Foi assim, exactamente. Naturalmente que só acrescento o “Fantasmas de Marte” para acentuar o absurdo: podia estar a chegar, “lá fora”, o dia do Juízo Final que, nas instalações da RTP, para todo o país, se estaria a discutir as possibilidades do Futebol Clube do Porto na Liga Europa. A imoralidade tem atingido, de modo inaceitável, um certo jornalismo nacional. Também sugeria que os cidadãos começassem a reflectir criticamente sobre o modo como é gerida a agenda pública pelos ditos jornalistas da nossa televisão, nomeadamente a dita de serviço público (que serviço? Que público?).
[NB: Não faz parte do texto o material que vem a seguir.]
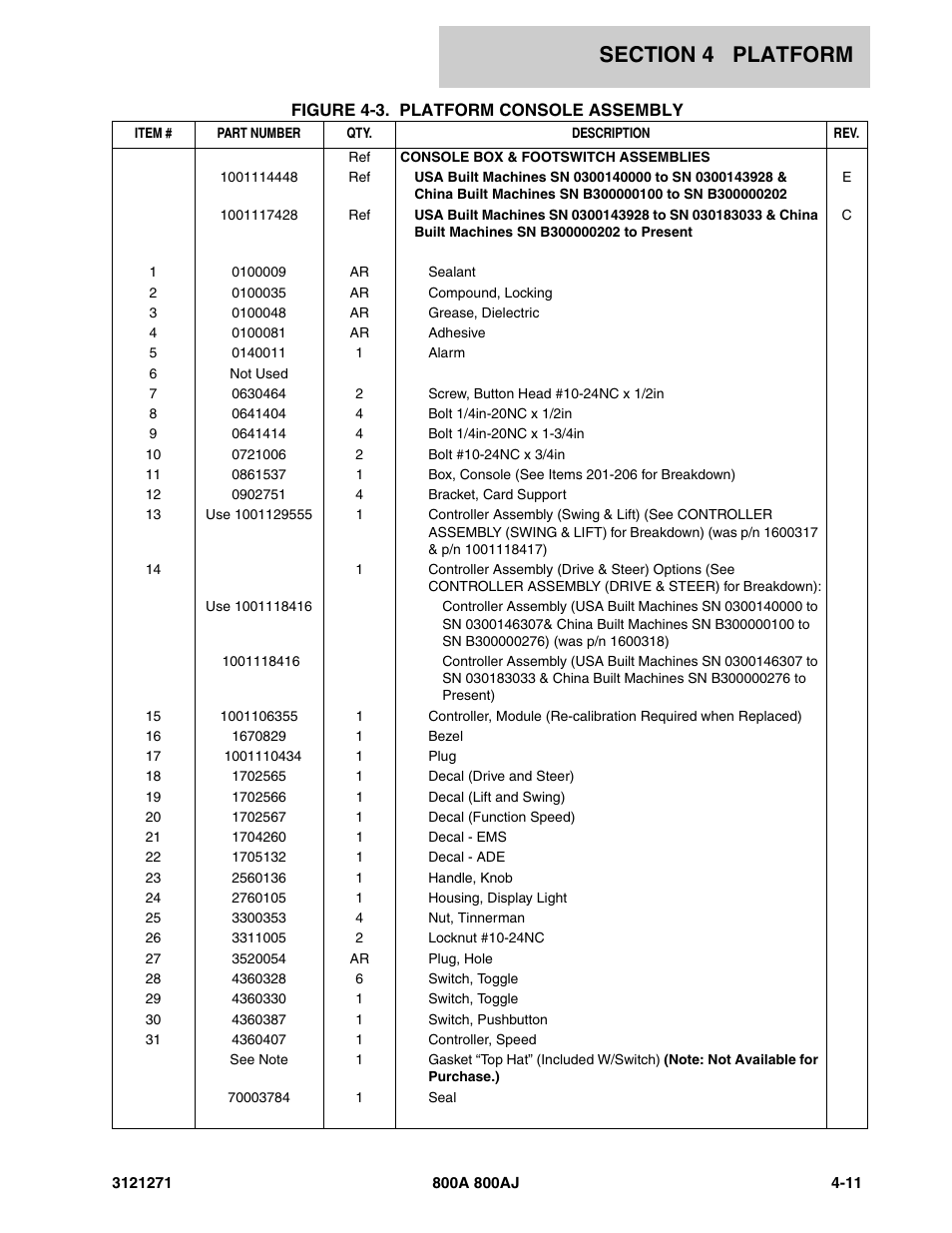 JLG 800A_AJ Parts Manual User Manual | Page 173 / 298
O péssimo jornalismo que se continua a praticar nas nossas televisões e jornais só pode ser o resultado, nesta altura, da falta de sentido crítico dos próprios espectadores, que vão tornando a “classe jornalística” na mais moralmente imune e social e politicamente desresponsabilizada do nosso país.
Mas afinal aquela justaposição de imagens foi feita por si? Não era preciso ter chegado a tanto…
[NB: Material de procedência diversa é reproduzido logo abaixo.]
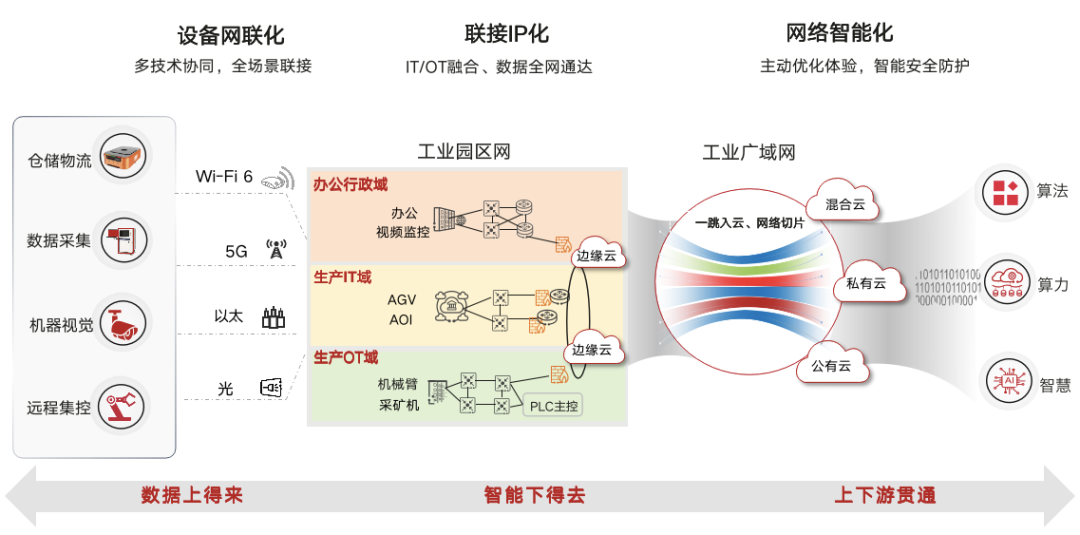 工业互联网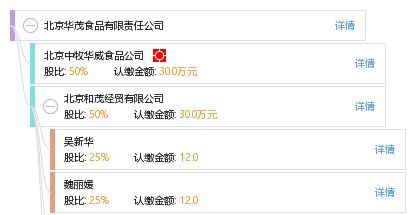 北京華茂食品有限責任公司企業信息綜合查詢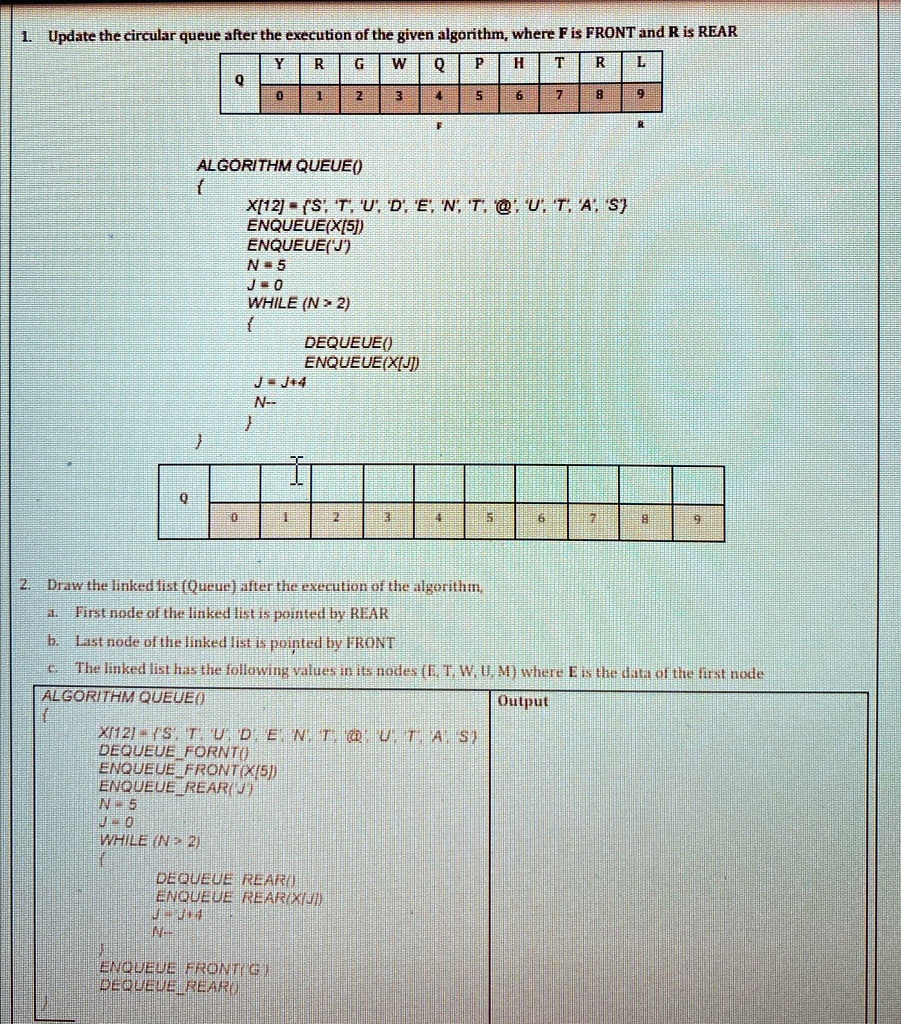 solution for data structure algorithm iupdate the circular queue after ...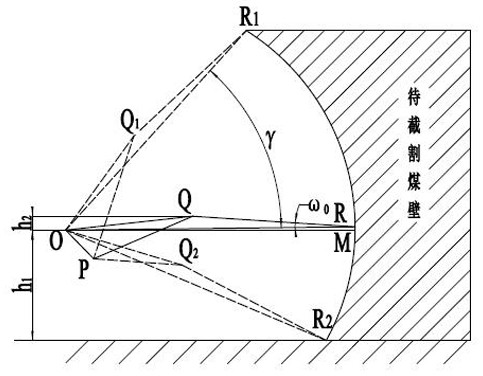 Navigation, positioning and automatic cutting method of a cantilever roadheader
De resto, concordo consigo e sem querer deprimi-lo, e aos leitores deste site, devo confirmar que nos cursos de jornalismo, a ética jornalista é já considerada como uma espécie de Santo Graal, que se deve seguir, mas apenas se tal não colocar em causa audiências, ou seja, a sobrevivência económica do jornal, ou do canal televisivo. Resumindo, reportar o mundo de forma sóbria e racional, sem sensacionalismo e histerismo não rende. Alguém disse que “the revolution will not be televised…”, mas na verdade qualquer revolução terá imensa cobertura, para tal só precisa de ser “espectacular” quanto baste, in Hollywood style.
Sim, nesta rubrica, Estado da Arte, cruzamos imagens do cinema com imagens da actualidade mediática. Concordo com o que diz – sou licenciado em Comunicação Social e devo dizer que, na minha formação, foi dada ênfase à deontologia, mas depois o que vou vendo na prática é, imediatamente, deitar borda fora qualquer prática eticamente regulada do jornalismo. Posto isto, parece-me que a revolução ucraniana era suficientemente espectacular. O problema no nosso país é a febre futeboleira. A revolução não será televisionada, mesmo se for hollywoodesca (“Fantasmas de Marte” é de Hollywood e confunde-se, pelo que percebo perfeitamente, com as imagens vindas da Ucrânia), se nessa hora estiver previsto mais um dos mil e um talk shows desportivos. Futebol, o ópio deste nosso povo?
Tudo isso está correcto, excepto a última frase… Existe por vezes em Portugal, uma tendência para a nacionalização de defeitos “antropológicos” que são, na verdade, internacionais. A final da Liga dos Campeões ou a Superbowl registam igualmente grandes audiências na Europa ou nos EUA. Apesar de tudo, o “estado mental” nas zonas conhecidas nos EUA por “Bible Belt” são bem mais deprimentes do que em Portugal, a lembrar mesmo certos filmes do J. Carpenter…
Bem, acho que os americanos percebem que o futebol deles é um espectáculo e um jogo. Cá em Portugal a coisa ganha outras dimensões, algumas delas entram no domínio da patologia – e os media alimentam-se escandalosamente disso, vão ao sabor das clubites e dos fanatismos neo-fascistas.
Que os media nacionais parecem viver num estado mental alterado, isso é evidente. No entanto, contactos nos EUA, que também conhecem a nossa realidade, não notam diferenças significativas, apenas uma obsessão mais forte nos EUA por reality shows de so-called celebs.
Além disso, o público está a migrar para outros media e para as redes sociais, e citando um artigo de Pedro Mexia, as ditaduras censuram o politicamente incómodo e as democracias encerram o comercialmente inútil. Concluindo, essa patologia que refere é o resultado da luta por manter audiências que permitam a venda de tempo publicitário, o qual por sua vez valida a sobrevivência dos grupos empresariais de media.